Mapping Literature Landscapes with Data-Driven Discovery: A Case Study on MOEA/D
Mingyu Huang, Shasha Zhou, Ke Li
TL;DR
LitLA presents a scalable, data-driven workflow for mapping large-scale literature by constructing a heterogeneous bibliographic knowledge graph and applying a multi-perspective analysis pipeline (descriptive statistics, topic modeling, citation and collaboration networks, and future trend forecasting). Using MOEA/D as a case study, it assembles a landscape of 5,404 papers, 10,532 researchers, 432 venues, 78,490 keywords, and 1,661 institutions, enabling insights into topics, collaborations, and evolving patterns. The work demonstrates that data-driven landscape analysis can complement traditional reviews, reveal emergent directions (e.g., LLM-related MOEA/D applications), and offer actionable foresight for researchers and funders, while acknowledging limitations related to data sources and model choices. Overall, LitLA provides a versatile toolkit for systematic, scalable exploration of scientific domains beyond MOEA/D, with potential to accelerate discovery and strategic planning in fast-growing fields.
Abstract
We are living in an era of "big literature", where scientific literature is expanding exponentially.
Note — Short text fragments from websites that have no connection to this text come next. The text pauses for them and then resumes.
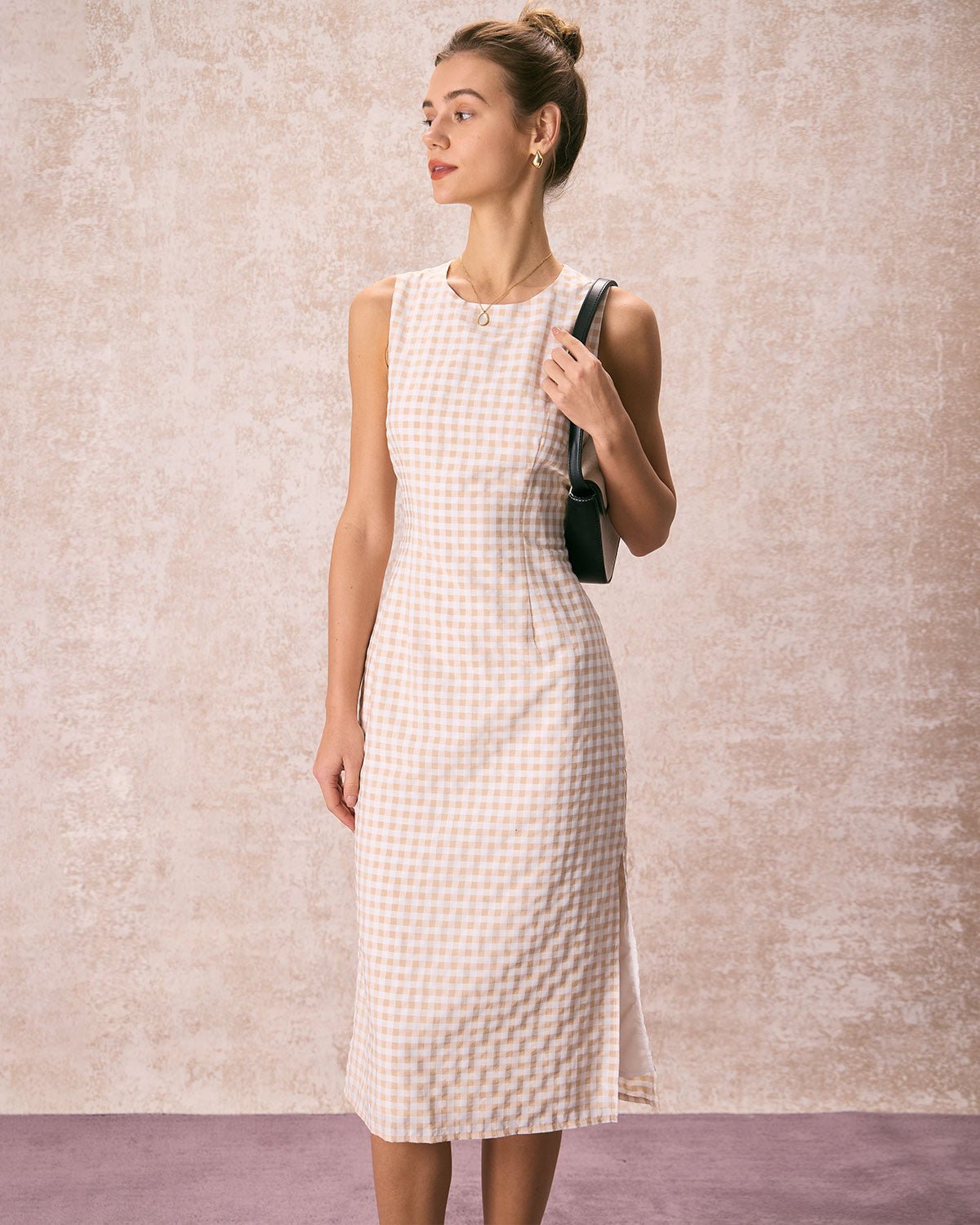 The Beige Round Neck Plaid Slit Midi Dress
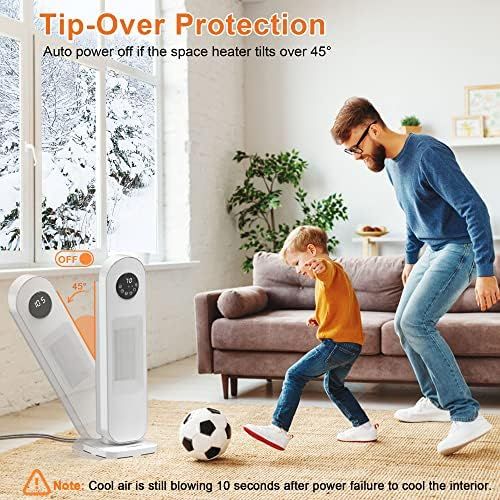  LeaderPro 24 Electric Tower Space Heater with Remote, 1500W Thermostat 12H Timer Ceramic Tip-over & Overheat Protection Oscillation Heaters Portable for Bedroom Indoor Home Office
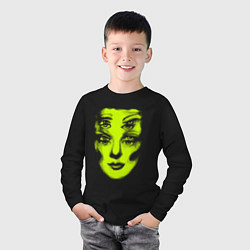 Лонгслив хлопковый детский Double lime face, цвет: черный — фото 2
While this growth presents new opportunities, it complicates mapping global scientific research landscapes, as manual review methods become infeasible. Recent advancements in machine learning, complex networks, and natural language processing have enabled numerous data-driven discovery methods. Building upon these tools, we introduce an end-to-end workflow for analyzing large-scale literature landscapes, LitLA. This workflow first integrates diverse publication metadata into a bibliographic knowledge graph (KG) representing the research landscape. It then offers tools for exploratory analysis of various landscape aspects. We demonstrate the effectiveness of LitLA via a case study on follow-up works of multi-objective evolutionary algorithm based on decomposition (MOEA/D). In doing so, we constructed the MOEA/D research landscape as a KG comprising over 5,400 papers, 10,000 authors, 1,600 institutions, and 78,000 keywords. With this landscape, we start with descriptive statistics and investigate prominent topics pertaining to MOEA/D and interrogate their spatial-temporal and bilateral relationships. We then map the collaboration and citation networks to reveal the community's growth over time. We further experiment whether learning on latent patterns of this landscape can hint on future research directions.